At this point, I’m kind of defaulting to basing the required garrison to secure land on the maximum population of that land (e.g., wilderness has a max population of 125 families/hex, or about 4 families/square mile, and requires a garrison of 4gp/family, so it would require 16gp/square mile to secure), but that makes more-civilized areas harder to secure (max population per square mile increases faster than required garrison per family decreases) and also removes the stronghold value from the equation entirely.

Intuitively, I would say that, to get the stronghold back into it, the stronghold value would provide a cap on the garrison that can be stationed there. In this example, 16gp garrison per 1kgp stronghold would give you the same maximum controlled territory, but then that would mean you can’t support a garrison larger than what the population requires and can’t get a morale bonus that way. Using the figures from D@W for the number of units that can be garrisoned in a structure isn’t really acceptable, because it’s too easily gameable. (Build lots of palisades. They’re dirt cheap and can garrison a unit (120 infantry/60 cavalry) each.)

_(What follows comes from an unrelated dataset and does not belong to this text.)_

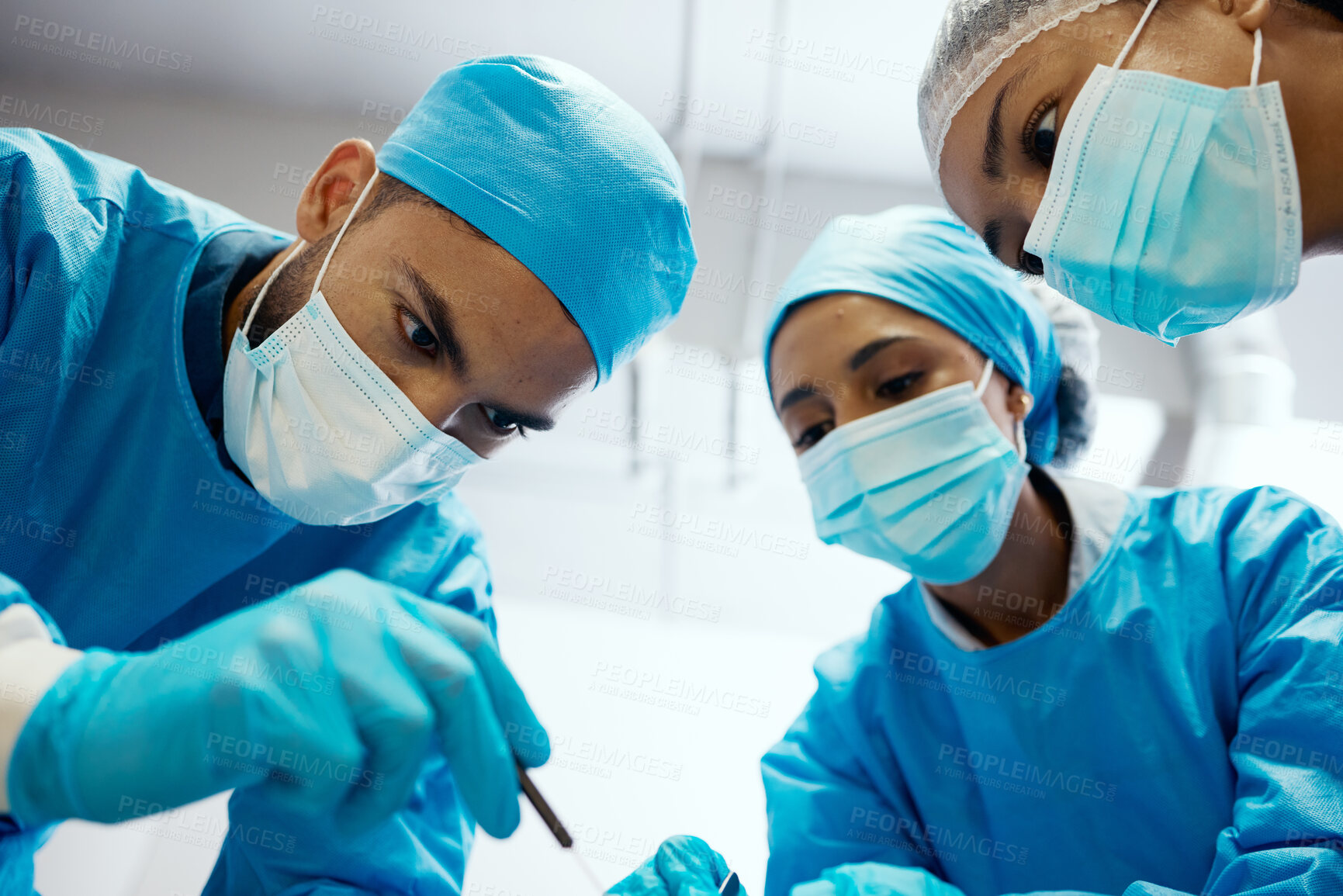 Buy stock photo Surgery, team and hospital with surgeon support from medical staff in an operating room. Operation, collaboration and healthcare or doctor teamwork in emergency procedure while wearing scrubs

Aside from the garrison/patrol-based method making sense to me, my players also like the idea of heavy troop losses meaning that you have to withdraw your patrols and cede outlying territory even if the stronghold has remained completely secure. So we seem pretty set at this point on having that play some role instead of making it purely a matter of the stronghold, although I’d still be interested in hearing any other ideas for how to determine both how much territory and exactly which territory is controlled at a smaller-than-hex level.

If you want to have the garrison correlate to the size of the area defended, rather than the population (due to the interesting settlement patterns in your campaign setting), I would advise the following:

  1. Rulers can maintain territory at "wilderness" level of security at a cost of 16gp in troops per square mile. 
  2. Rulers can maintain territory at a "borderlands" level of security at a cost of 24gp in troops per square mile.
  3. Rulers can maintain territory at a "civilized" level of security at a cost of 48gp in troops per square mile. 

For each 6-mile hex, the Judge should make an encounter throw daily if the territory is a wilderness domain, weekly if a borderlands domain, and monthly for a civilized domain. 

 

What I’m trying to achieve isn’t so much “garrison correlates to size of area controlled” as to make territory control something active rather than something passive. (“Active” in the game world, not necessarily in terms of continuous player involvement, although frequent player involvement in this does seem to be something my players want.)

In ACKS RAW, you can build a 480kgp stronghold and it will effectively control 500ish square miles of territory, even if it has no garrison whatsoever. Which really doesn’t seem right - someone has to be going out there and enforcing that control or else monsters would logically move right back in regardless of the huge-but-toothless castle sitting on a hill somewhere over that way. (For the sake of discussion, I’m ignoring the morale penalties for insufficient garrison. There’s no guarantee that the domain will have a significant population in any case, and there are plenty of ways to negate the garrison penalty with bonuses from other sources anyhow.)

From a practical standpoint, we’re looking for reasons to support building a string of small outposts to guard trade routes or other key locations rather than one massive castle. The massive castle still has its place, of course, for warding off serious attacks capable of overwhelming any individual outpost, but there should be some benefit to offset the greater vulnerability of a dozen 5kgp outposts vs. a single 60kgp castle. The logical answer seems to be that many small outposts are better at securing territory in the absence of serious opposition, while one big castle is better at withstanding serious assaults.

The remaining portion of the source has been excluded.